=== Begin Enclosure ===

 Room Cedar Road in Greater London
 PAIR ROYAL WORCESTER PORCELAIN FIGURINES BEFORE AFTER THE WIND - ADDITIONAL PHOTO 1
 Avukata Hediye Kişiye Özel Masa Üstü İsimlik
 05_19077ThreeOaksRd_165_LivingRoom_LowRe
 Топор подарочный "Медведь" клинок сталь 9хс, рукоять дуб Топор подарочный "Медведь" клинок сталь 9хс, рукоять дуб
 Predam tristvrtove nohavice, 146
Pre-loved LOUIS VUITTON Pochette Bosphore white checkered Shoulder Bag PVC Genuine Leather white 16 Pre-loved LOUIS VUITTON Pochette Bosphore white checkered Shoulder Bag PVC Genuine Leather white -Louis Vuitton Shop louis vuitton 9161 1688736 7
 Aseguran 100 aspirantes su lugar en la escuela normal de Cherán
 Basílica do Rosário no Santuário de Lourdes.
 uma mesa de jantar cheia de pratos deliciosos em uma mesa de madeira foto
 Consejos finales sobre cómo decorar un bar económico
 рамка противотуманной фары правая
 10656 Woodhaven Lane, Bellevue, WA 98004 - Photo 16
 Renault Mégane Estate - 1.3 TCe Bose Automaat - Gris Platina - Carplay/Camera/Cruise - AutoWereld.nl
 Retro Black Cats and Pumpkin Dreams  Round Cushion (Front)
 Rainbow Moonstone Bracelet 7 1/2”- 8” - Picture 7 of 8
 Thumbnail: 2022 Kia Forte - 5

=== End Enclosure ===

How to complete this task: With nothing left out, copy every record exactly.

Output below:
 Room Cedar Road in Greater London
 PAIR ROYAL WORCESTER PORCELAIN FIGURINES BEFORE AFTER THE WIND - ADDITIONAL PHOTO 1
 Avukata Hediye Kişiye Özel Masa Üstü İsimlik
 05_19077ThreeOaksRd_165_LivingRoom_LowRe
 Топор подарочный "Медведь" клинок сталь 9хс, рукоять дуб Топор подарочный "Медведь" клинок сталь 9хс, рукоять дуб
 Predam tristvrtove nohavice, 146
Pre-loved LOUIS VUITTON Pochette Bosphore white checkered Shoulder Bag PVC Genuine Leather white 16 Pre-loved LOUIS VUITTON Pochette Bosphore white checkered Shoulder Bag PVC Genuine Leather white -Louis Vuitton Shop louis vuitton 9161 1688736 7
 Aseguran 100 aspirantes su lugar en la escuela normal de Cherán
 Basílica do Rosário no Santuário de Lourdes.
 uma mesa de jantar cheia de pratos deliciosos em uma mesa de madeira foto
 Consejos finales sobre cómo decorar un bar económico
 рамка противотуманной фары правая
 10656 Woodhaven Lane, Bellevue, WA 98004 - Photo 16
 Renault Mégane Estate - 1.3 TCe Bose Automaat - Gris Platina - Carplay/Camera/Cruise - AutoWereld.nl
 Retro Black Cats and Pumpkin Dreams  Round Cushion (Front)
 Rainbow Moonstone Bracelet 7 1/2”- 8” - Picture 7 of 8
 Thumbnail: 2022 Kia Forte - 5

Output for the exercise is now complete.